Detective Comics #879 Review

This is it. Scott Snyder has three issues of Detective Comics left and he hits the last stretch [...]

Detective Comics #879

This is it. Scott Snyder has three issues of Detective Comics left and he hits the last stretch running with #879. The issue centers around Commissioner Gordon trying to come to grips with whether or not his son, James Junior, is a murdering psychopath. There's also an appearance by the Joker, and in his typical fashion, things turn to chaos. While Gordon and Oracle investigate Junior, Joker tells a rather lengthy, revealing story to the doctor before making his escape. Snyder has set up two conflicts that will come to a head in the next two issues, capping off an awesome run. He writes Gordon as a reluctant cop, as nobody wants to believe their child could be capable of evil. There are nice moments between him and Barbara as she tries to get her father to realize the truth. His Joker oozes with creepiness as his plan comes to fruition. The Joker is meticulously cunning and always three steps ahead of those who are ill-prepared for him. I can't wait to see what Snyder has planned for him in the next couple of issues.

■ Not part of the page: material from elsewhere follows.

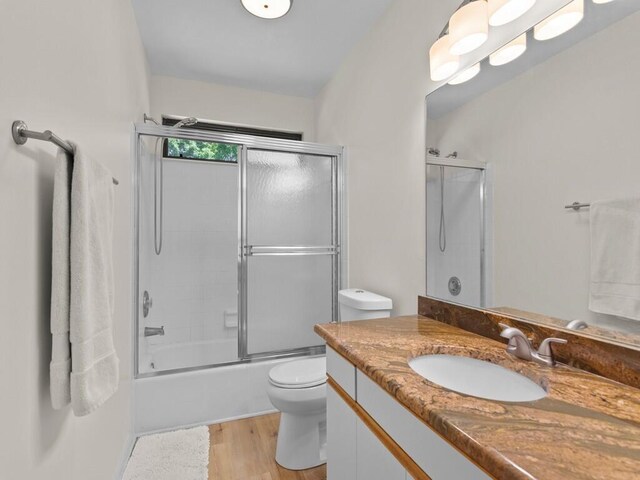 full bathroom with vanity, toilet, enclosed tub / shower combo, and hardwood / wood-style floors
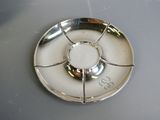 a silver plate with a flower design on it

A noticeable lack of Batman doesn't really pull the issue down any, as these moments needed to be set up and did not require his presence. With Joker on the loose, you better believe he'll be out to bring him in next time around. Jock gets a break and Francesco Francavilla is brought back in for art duty. His work has a classic feel to it that seems fitting for Detective. Him and Jock have done an excellent job with this series. We never get to fully see his Joker, but the aftermath of his escape leads me to believe he would have been nothing short of terrifying. No doubt about it, Snyder is one of the best Batman writers in recent memory. His ability to do an issue of a Batman comic without Batman, and make it feel like a completely natural, necessary addition to the story is impressive. He has raised the stakes for Gordon and Grayson and both of them are in store for trials that will likely have a lasting effect on them mentally. I'm excited to see where it leads us.